## [What you are asked to do]
Repeat exactly the line with "Washbasin For Vanity" and each line after it to the end of the data below; pictures stay out.
------------------------
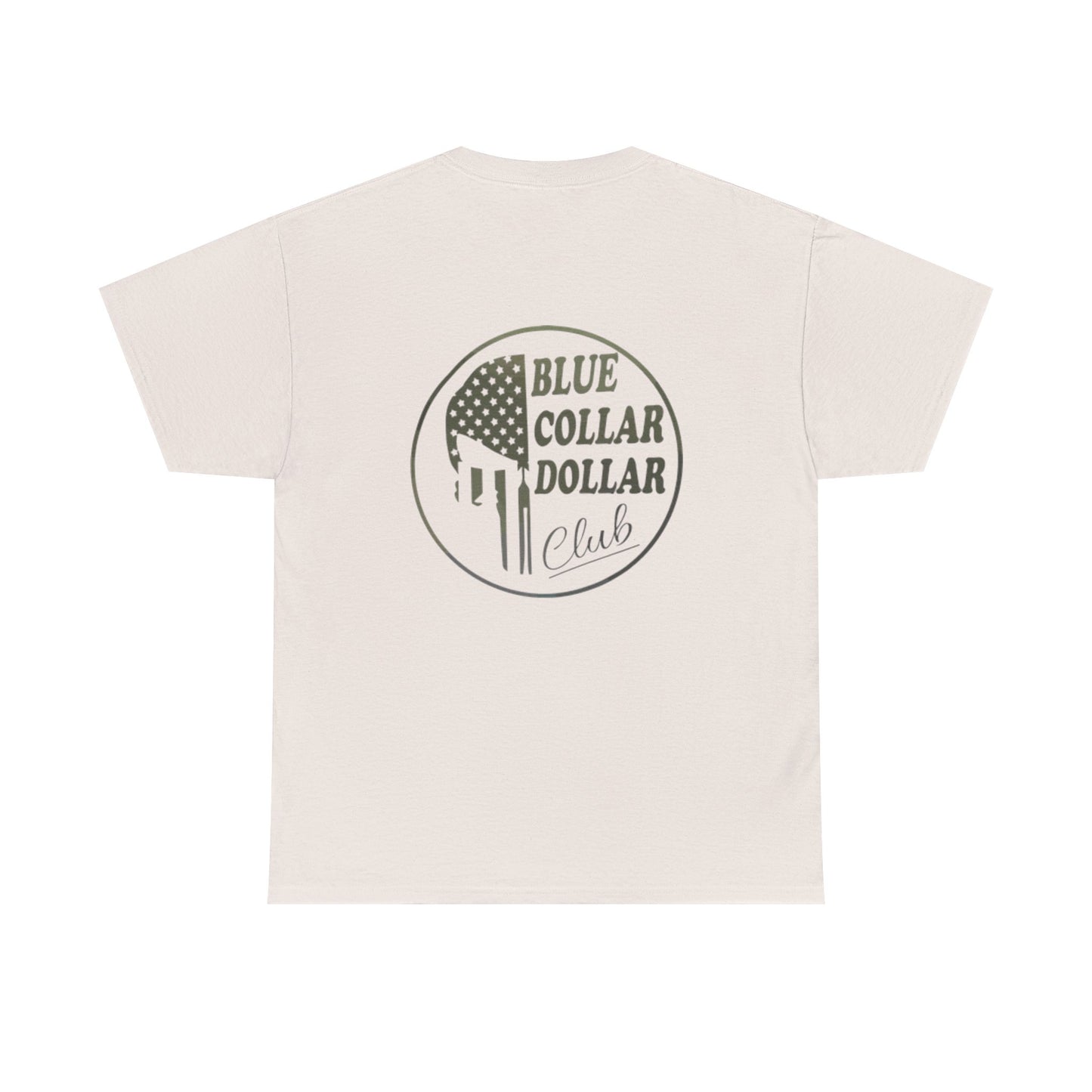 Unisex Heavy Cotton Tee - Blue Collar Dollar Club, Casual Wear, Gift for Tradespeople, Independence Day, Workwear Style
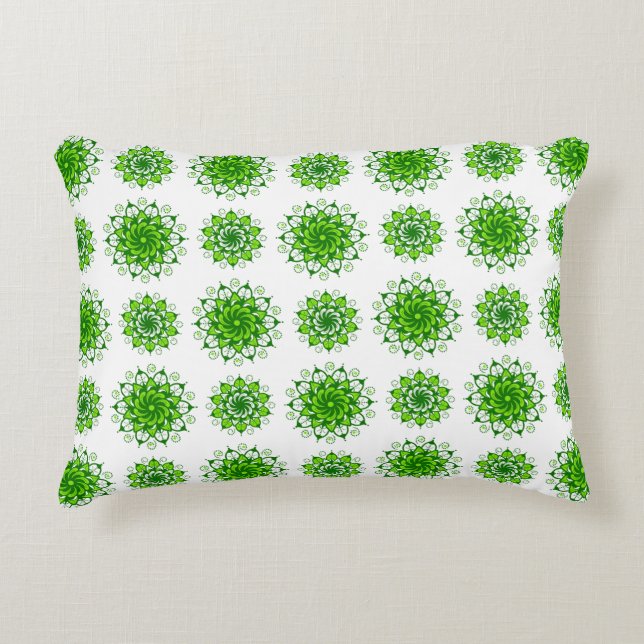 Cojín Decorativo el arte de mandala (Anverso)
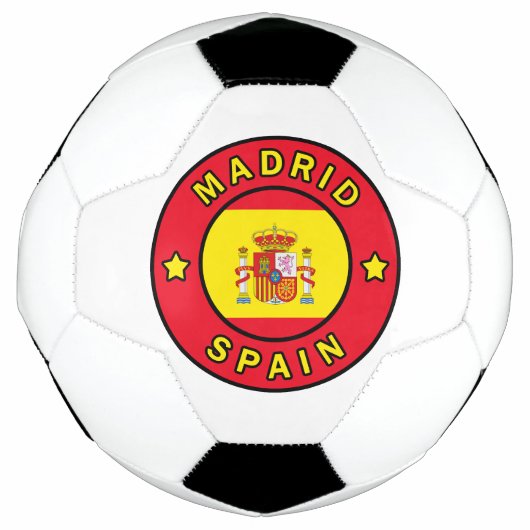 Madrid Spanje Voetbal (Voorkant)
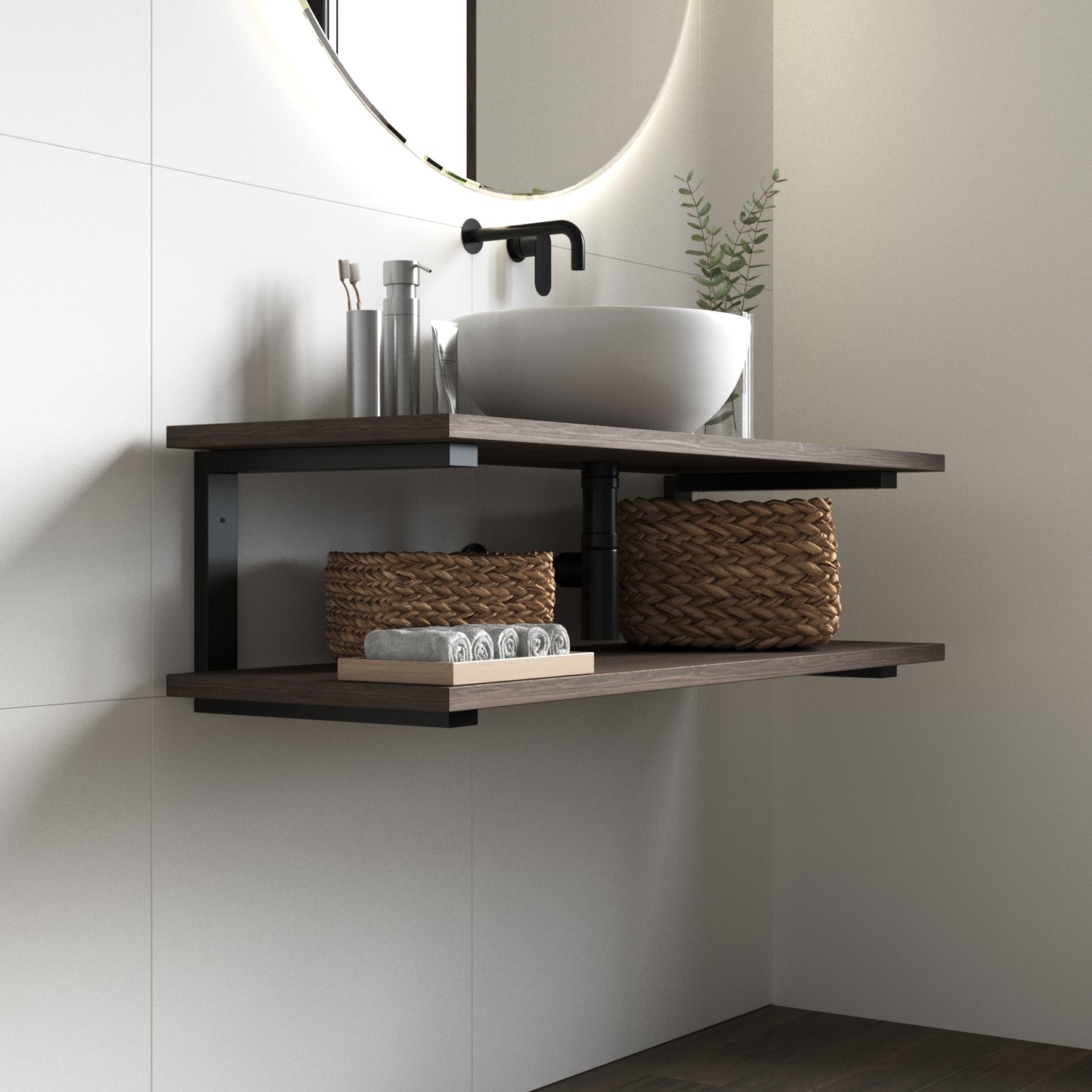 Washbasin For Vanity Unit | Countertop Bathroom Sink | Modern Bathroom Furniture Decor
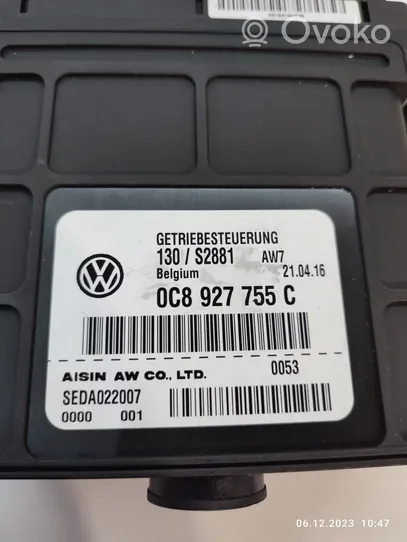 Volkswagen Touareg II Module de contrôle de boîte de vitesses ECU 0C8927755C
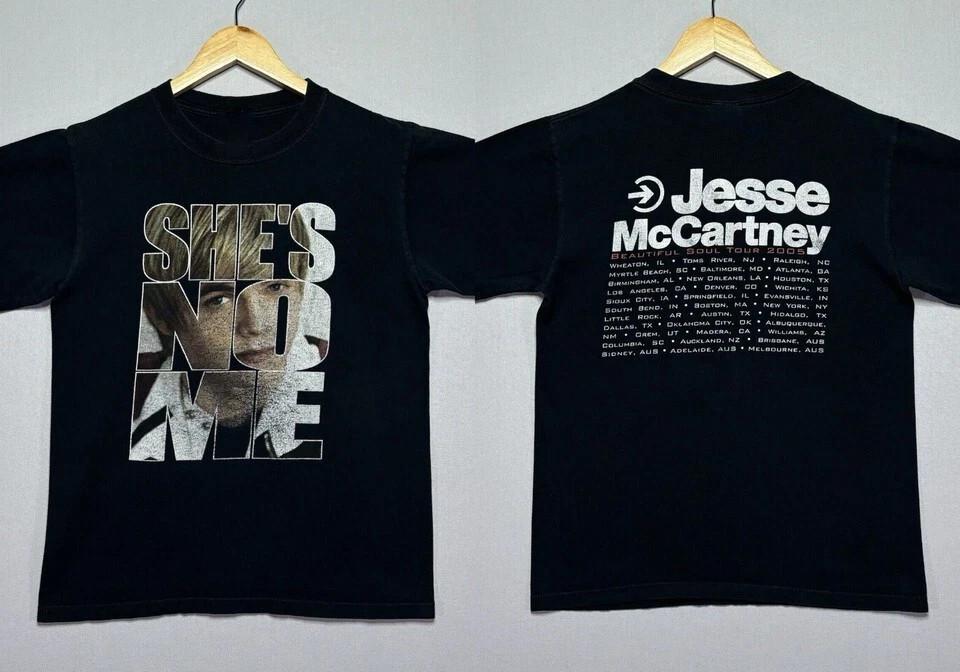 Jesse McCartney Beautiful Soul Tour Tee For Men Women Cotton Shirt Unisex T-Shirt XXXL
------------------------
## [Answer section]
 Washbasin For Vanity Unit | Countertop Bathroom Sink | Modern Bathroom Furniture Decor
 Volkswagen Touareg II Module de contrôle de boîte de vitesses ECU 0C8927755C
 Jesse McCartney Beautiful Soul Tour Tee For Men Women Cotton Shirt Unisex T-Shirt XXXL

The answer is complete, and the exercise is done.